O'Toole (who is Irish) sees England as a Goliath that likes to imagine itself a David: the plucky, slightly cheeky underdog (we happy few, etc.) who prevails over larger, seemingly stronger opponents who wish to impose their will. He notes, for instance, a fashion for alternative-history fiction in which the Nazis conquered England but were bedeviled by resistance groups, and a somewhat perverse preference for the old empire to indulge in fantasies about being national liberation guerrillas.

The master move of the Brexiteers, then, was to cast the EU as Goliath (on various fronts, from immigration to regulating junk food), and that put Brexit over the top. This, despite the shared nativist ressentiment, does not sound all that much like the delusions that put Trump in the White House.

Nor did Trump have, as Brexit did, a core of upper-class, highly literate, rhetorically adept and shamelessly dishonest propagandists--O'Toole frequently invokes the terrifying Melroses of Edward St. Aubyn's novels. All we had was Sean Hannity.

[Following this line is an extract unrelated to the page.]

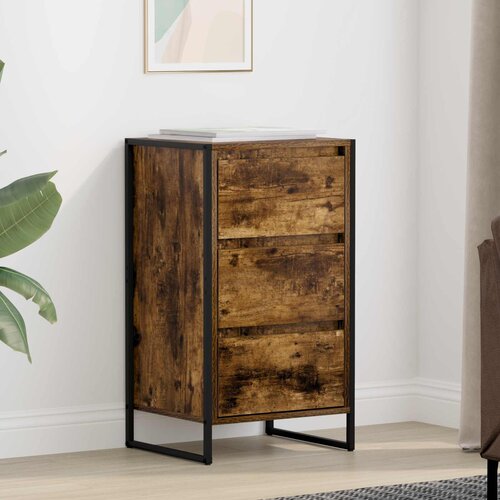  Kreveta Dimni hrast 42 x 36 x 75.5 cm Konstruirano drvo Cene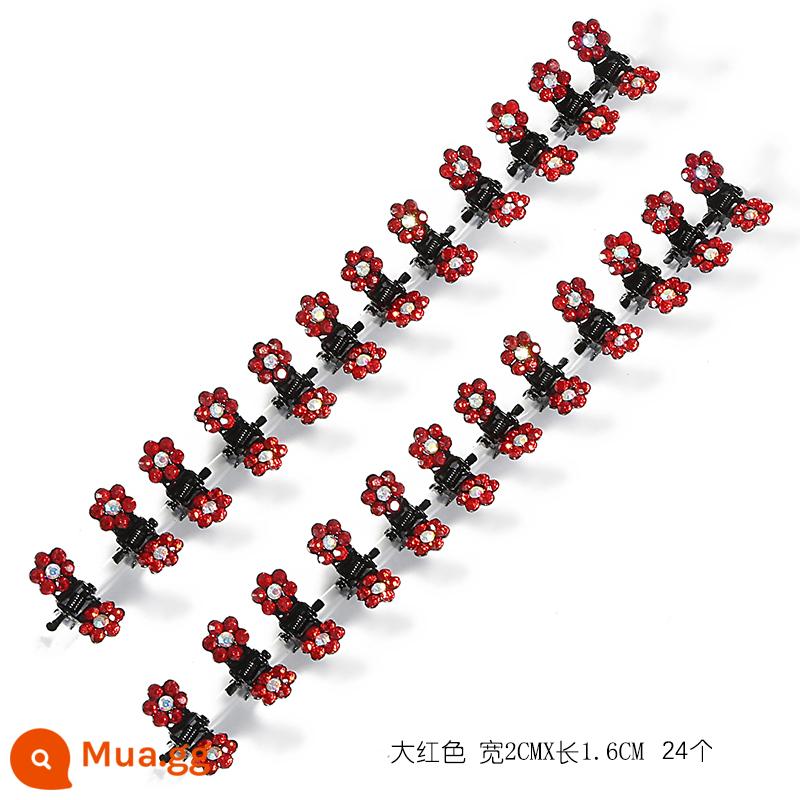 Mini trumpet lấy thẻ lấy thẻ trẻ em lấy kẹp nhỏ và tinh tế kẹp tóc gãy mũ đội đầu kim cương giả hoa mận kẹp tóc nhỏ nữ - Đỏ lớn 24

Even so, O'Toole's conclusion hits notes that ring true for the U.S. He writes:

Brexit is part of a much larger phenomenon and it speaks to two much wider truths. One is that is not possible simultaneously to ask people to trust the state and to tell them that the state has no business in any part of their lives in which the market wants free rein. [Please heed, o Clinton wing of the Democratic party.] The other is that the gross inequality produced by neoliberalism is increasingly incompatible with democracy and therefore, in liberal democracies, with political stability. [Please heed, everybody]  If there is to be a world beyond pain and self-pity, it is necessary to fix the umbrella.

The umbrella, by the way, is the welfare state--tattered by neoliberalism, by market-worship, by capital's insistence that everything that anyone needs ought to be making a profit for somebody--and we can't take the continued existence of ours for granted any more than the British can.